Optimizing 6502 Assembly Programming

peteym5 · February 19, 2015

Lets start with what I found.

http://wiki.nesdev.com/w/index.php/6502_assembly_optimisations

This is a Nintendo Entertainment System programming page, it had a great resource about optimizing 6502 assembly. A few I had been doing for years like storing a 16bit word in two seperate tables for low and high order byte. Or using a macro for something that only gets called once, I usually just copy and past where a JSR call is and remove the RTS.

The one I found interesting is this RTS trick for a jump table. Lets say you have a bunch of different codes that need to jump to be processed by a routine. Up to I seen this I was doing CMP #Code1; BNE Check_Code2, JMP Do_Code1, Check_Code2, etc. Something like that actually could save space.

I know of a few others that had been done on the 2600 like using a BRK instruction for a frequently used subroutine. You have other things like self-modifying code, or smarter data encrypting.

I personally want to develop great games and see others develop something great also. Some programs have to fit into smaller spaces, like for an EPROM for a cartridge. Maybe the VBI processes has to be fitted into one bank.

I know we also have compression tools like exomizer and inflate, but even with those, we are still hitting a wall at times.

So if you would like to share an optimization ideal, don't be afraid to post something here.

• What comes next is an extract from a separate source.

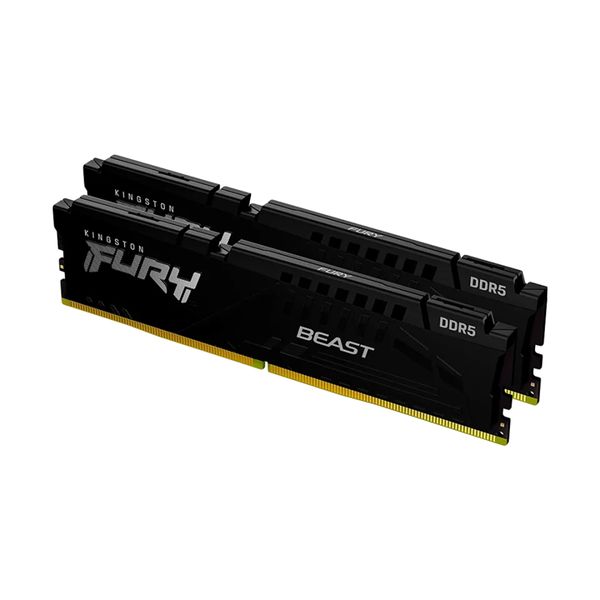 Kingston FURY Beast DDR5 6000 2X16GB C40 Μνήμη RAM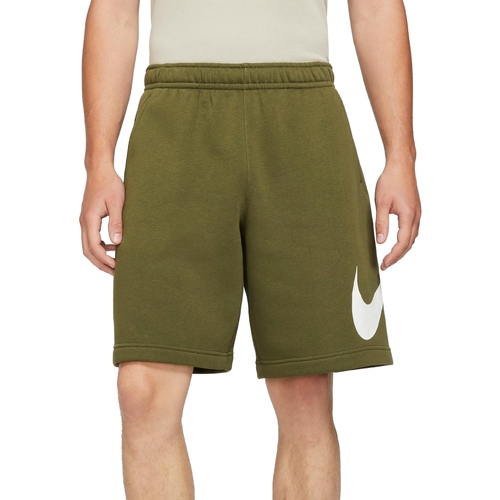 textil Hombre Shorts / Bermudas Nike BV2721 Verde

snicklin · February 19, 2015

Talking about optimisation in general and not necessarily with the 6502, there's a few things that I do to optimise...

1) Does this function really need to exist?

2) Can this function be made inline (if speed is required)

3) Constantly re-review your code. One minor change that you made may have made some now irrelevant.

4) Print out your code, not the whole lot but just want you want to target. Sit there with a pen and strike out what isn't needed. Viewing it on paper is for some reason a lot easier for me.

5) Lots of comments with any optimised code as it isn't always so easy to read.

6) If working in a group setting, compete against someone to get the smallest or the fastest code. The competition will spur you both on to better things.

7) Is this a generic routine that someone has done before? Especially with 6502, people have optimised things to the hilt already, take a look at their code to see if it fits your program.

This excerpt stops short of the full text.